Le Tribunal Administratif de Bordeaux a examiné la requête de Mme C contestant le refus implicite du syndicat mixte départemental des déchets de la Dordogne (SMD3) d'abroger plusieurs délibérations et son règlement de collecte, ainsi que de rétablir la collecte en porte-à-porte. Le tribunal a constaté qu'il n'y avait plus lieu de statuer sur les conclusions dirigées contre le refus d'abroger le règlement de collecte du 13 décembre 2022, dès lors qu'un nouveau règlement a été adopté le 7 janvier 2025, et contre le refus d'abroger la délibération fixant les tarifs de la redevance incitative pour 2023, celle-ci ayant cessé de s'appliquer. La solution retenue par le tribunal s'appuie sur les dispositions du code de justice administrative relatives à la perte d'objet du litige.

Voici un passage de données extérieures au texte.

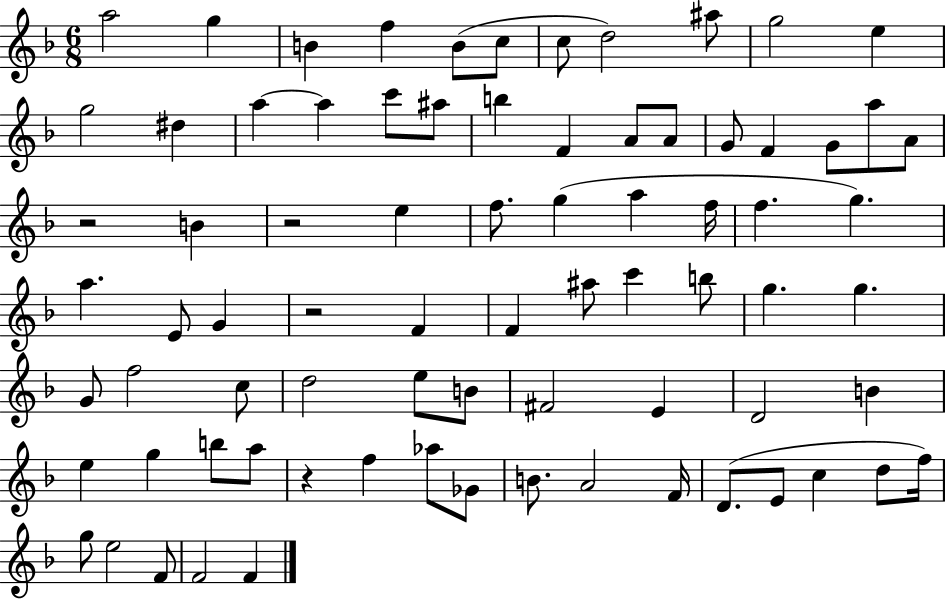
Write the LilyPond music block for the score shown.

Le Tribunal Administratif de Bordeaux a examiné la requête de M. et Mme D contestant les décisions du syndicat mixte départemental des déchets de la Dordogne (SMD3) relatives à la suppression de la collecte en porte-à-porte et à l'instauration d'une redevance incitative. Le tribunal a constaté qu'il n'y avait plus lieu de statuer sur certaines conclusions, le règlement de collecte de 2022 ayant été remplacé par un arrêté de 2025 et la délibération tarifaire de 2022 ayant cessé de s'appliquer. Sur le fond, le tribunal a rejeté les moyens des requérants, estimant que les décisions contestées ne méconnaissaient ni les dispositions des articles R. 2224-24 et L. 2333-76 du code général des collectivités territoriales, ni le principe d'égalité. En conséquence, la requête a été rejetée dans son ensemble.